**What you will do**
The material below holds pictures, which are to be left out; copy exactly the lines from the one with "Klavierläufer mit Motiv" through the one with "Building Photo - 1544 Michigan Ave".

**Data section**
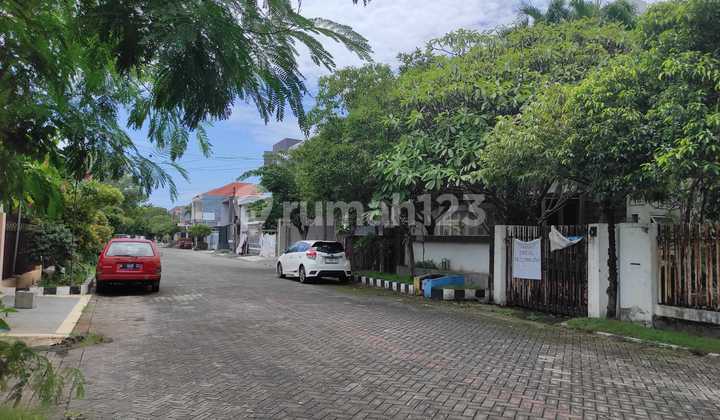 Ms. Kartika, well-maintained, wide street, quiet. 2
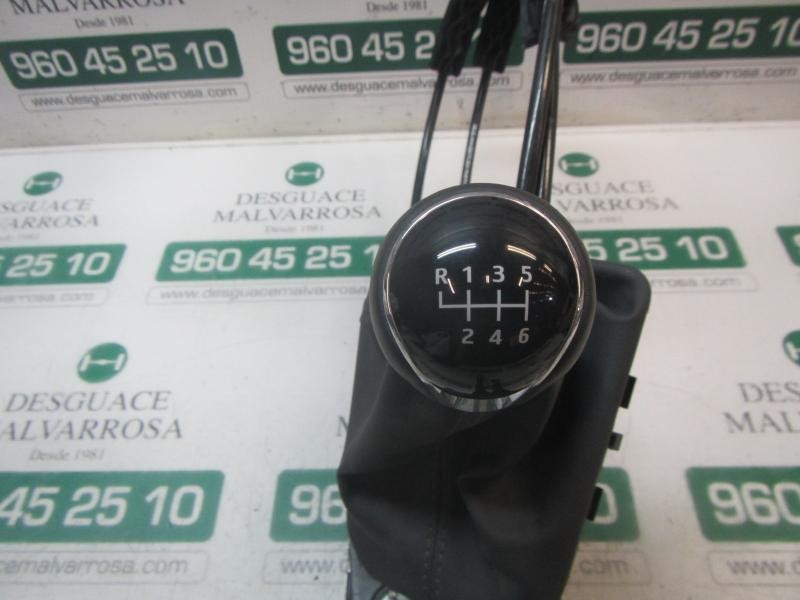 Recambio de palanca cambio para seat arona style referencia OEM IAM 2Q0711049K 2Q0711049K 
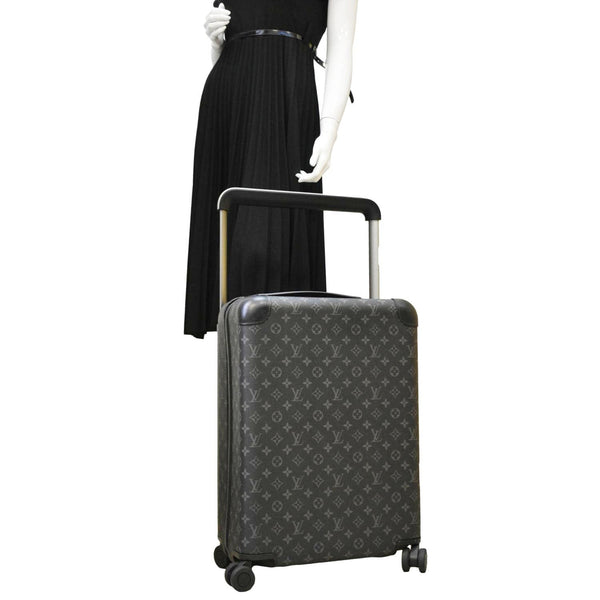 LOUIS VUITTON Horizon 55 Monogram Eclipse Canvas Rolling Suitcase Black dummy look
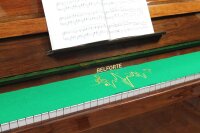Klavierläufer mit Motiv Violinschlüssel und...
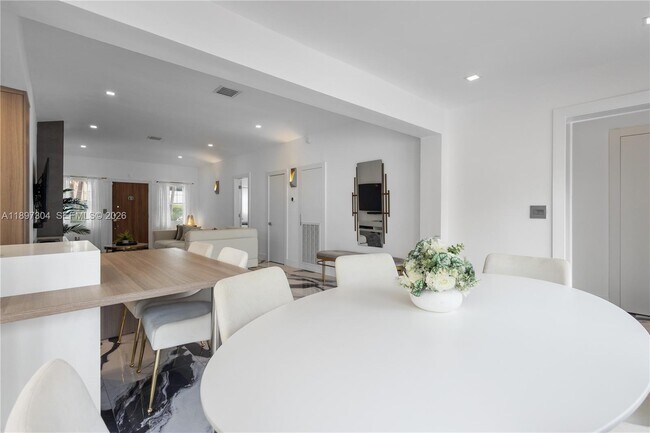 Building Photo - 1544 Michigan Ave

---

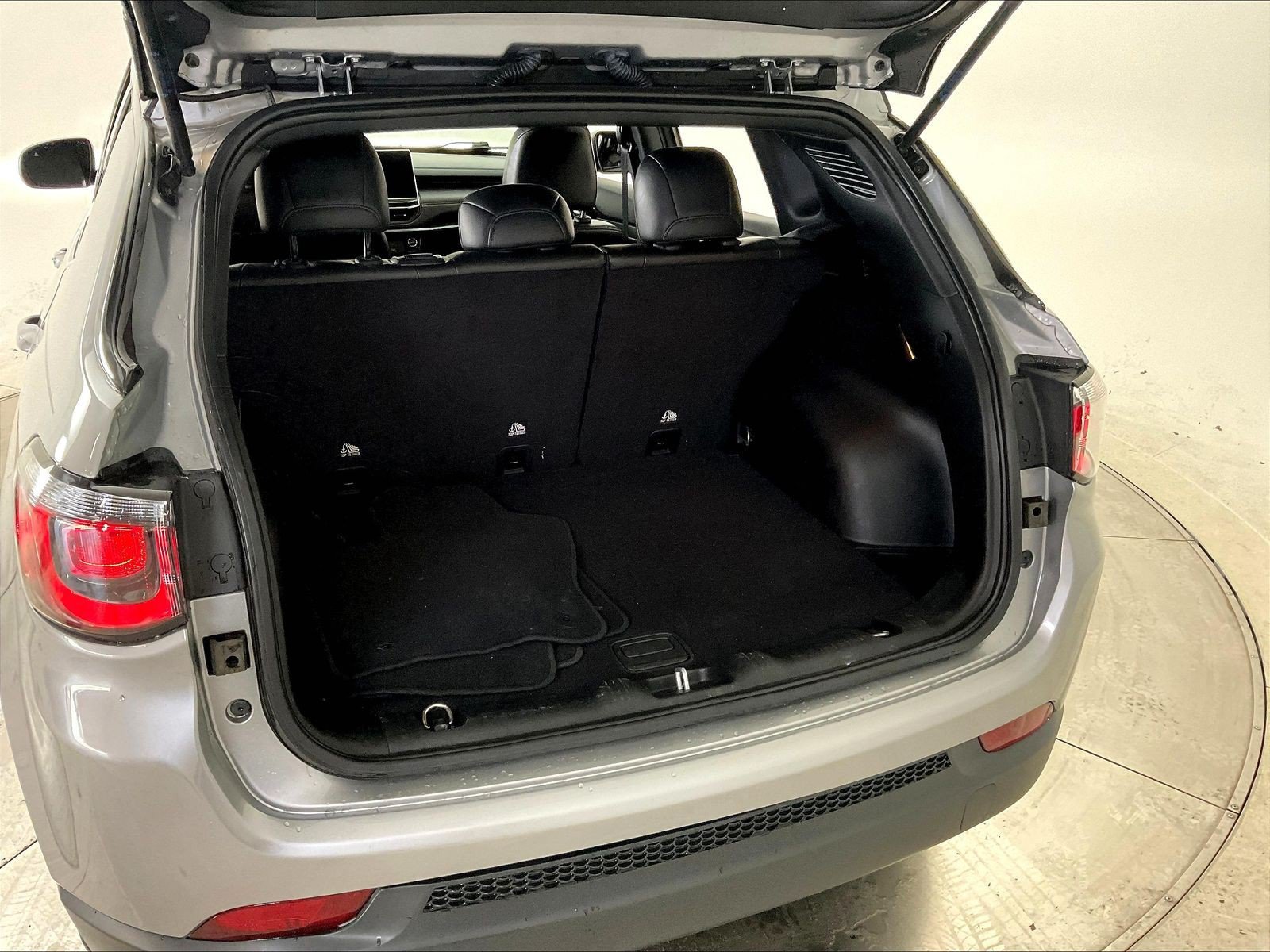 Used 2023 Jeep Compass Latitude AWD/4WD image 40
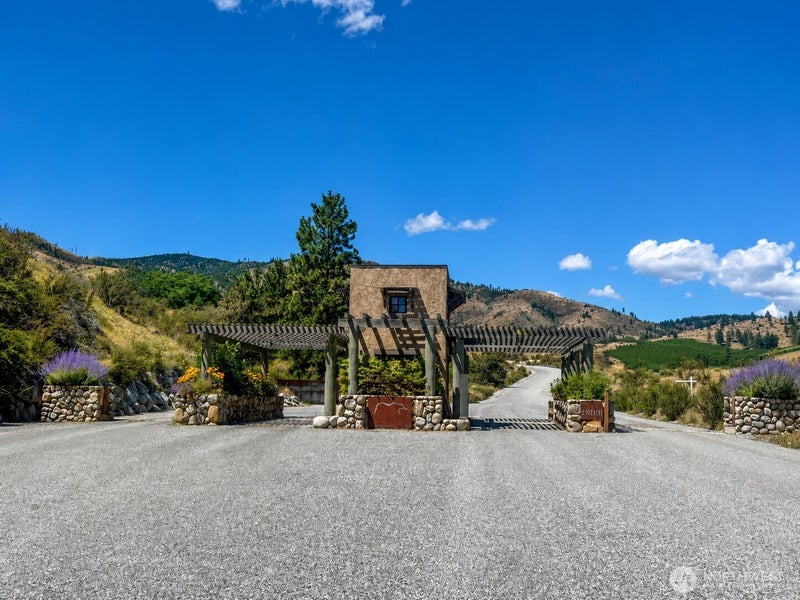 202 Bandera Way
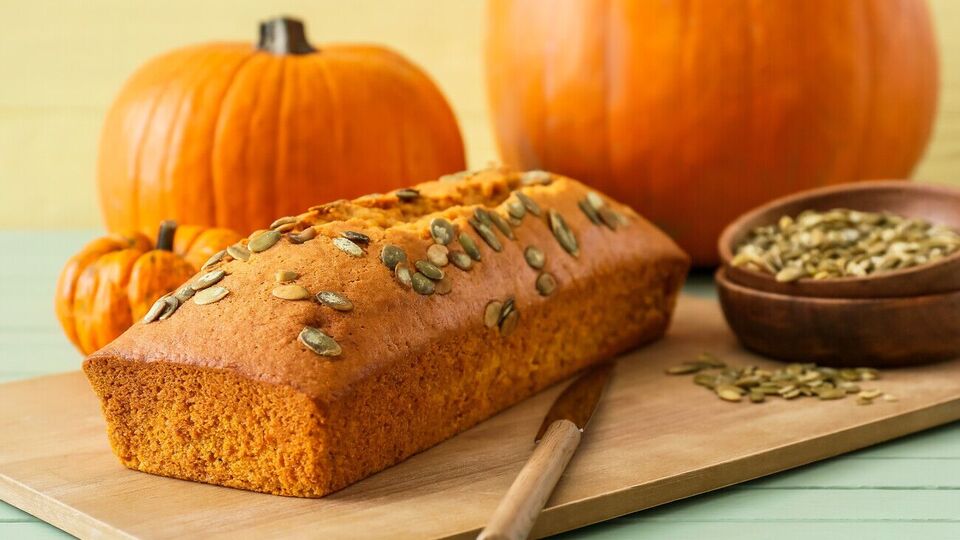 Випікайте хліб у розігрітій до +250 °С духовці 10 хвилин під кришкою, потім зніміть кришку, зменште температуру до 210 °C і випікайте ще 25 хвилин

**Your response**
Klavierläufer mit Motiv Violinschlüssel und...
 Building Photo - 1544 Michigan Ave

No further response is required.